Sophie Nahum : « Ce sont les dernières années des derniers témoins »

(DR)

Une réalisatrice de documentaires nous apporte son regard et son expérience sur la complexité de la transmission de la mémoire de la Shoah.

« Les Derniers est un projet de transmission. Extrêmement de choses ont été faites et dites sur la mémoire de la Shoah mais peu me semblaient accessibles pour les nouvelles générations qui ont des modes de consommation 2.0. Cette websérie de documentaires courts en libre accès sur Internet (www.lesderniers.org) est comme une première porte ouverte à tous sur la mémoire. 

Nous sommes dans une course contre la montre : ce sont les dernières années des derniers témoins. On les a souvent interviewés de façon solennelle avec déférence et de la distance. J’avais envie de les filmer de façon personnelle et humaine, en créant avec eux un lien de proximité pour que les gens aient vraiment l’impression de les connaître. Ces témoins sont à l’hiver de leur vie et ils se livrent beaucoup plus volontiers et librement qu’avant. Ils parlent également du présent en faisant en quelque sorte un bilan du plus jamais ça et du devoir de mémoire dans le contexte de maintenant. 

La plupart n’ont pas parlé pendant quarante, cinquante ans. Il y a eu un vrai tournant dans les années 80, la parole s’est libérée avec la diffusion de films sur la Shoah. Mais ce qu’on sait moins, ce sont les raisons pour lesquelles ils se sont tus. A la fin de la guerre, personne ne voulait en entendre parler. On portait sur les rescapés un regard suspect, on ne voulait pas les entendre et parfois même les croire. Pour avancer et pour construire leur vie, ils ont eu besoin de se mettre des œillères comme Elie (Buszyn) sinon ils s’écroulaient. 

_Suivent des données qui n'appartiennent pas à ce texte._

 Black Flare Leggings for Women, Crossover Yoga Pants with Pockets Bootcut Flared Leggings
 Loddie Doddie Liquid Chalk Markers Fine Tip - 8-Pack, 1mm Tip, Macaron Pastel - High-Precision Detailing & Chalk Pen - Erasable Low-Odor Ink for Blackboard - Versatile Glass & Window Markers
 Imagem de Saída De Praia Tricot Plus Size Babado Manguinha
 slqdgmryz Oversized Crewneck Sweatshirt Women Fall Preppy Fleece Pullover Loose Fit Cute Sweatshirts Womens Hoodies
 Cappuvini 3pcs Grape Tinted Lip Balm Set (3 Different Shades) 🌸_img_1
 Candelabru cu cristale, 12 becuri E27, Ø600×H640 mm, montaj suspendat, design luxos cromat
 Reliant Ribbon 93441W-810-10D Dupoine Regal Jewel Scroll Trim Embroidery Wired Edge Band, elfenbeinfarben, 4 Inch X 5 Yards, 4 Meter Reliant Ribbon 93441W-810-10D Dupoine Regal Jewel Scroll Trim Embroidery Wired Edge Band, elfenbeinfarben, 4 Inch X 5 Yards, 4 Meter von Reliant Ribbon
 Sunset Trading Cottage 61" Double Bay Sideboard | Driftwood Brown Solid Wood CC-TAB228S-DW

Je n’avais pas pris la mesure qu’ils n’avaient pas non plus parlé car ils ne voulaient pas faire de mal à leurs parents et leurs familles quand ils les retrouvaient. Ils ne voulaient pas leur dire ce qu’on leur avait fait. Pareil avec leurs propres enfants. Ils souhaitaient les préserver. C’est dur pour un enfant d’apprendre ce que son propre parent a enduré. 

Aujourd’hui ils n’arrêtent pas de témoigner. Ils vont partout, ils dédient leur vie à cela. Beaucoup ont commencé à écrire en secret. Victor Perahia par exemple a écrit un livre sans que personne ne le sache et l’a offert à son fils pour ses 40 ans. Tous témoignent par devoir pour ceux qui sont restés là-bas et de plus en plus aussi pour décrypter la mécanique de la haine comme une manière de lutter tant qu’ils le peuvent pour alerter sur ce que l’homme est capable de faire ».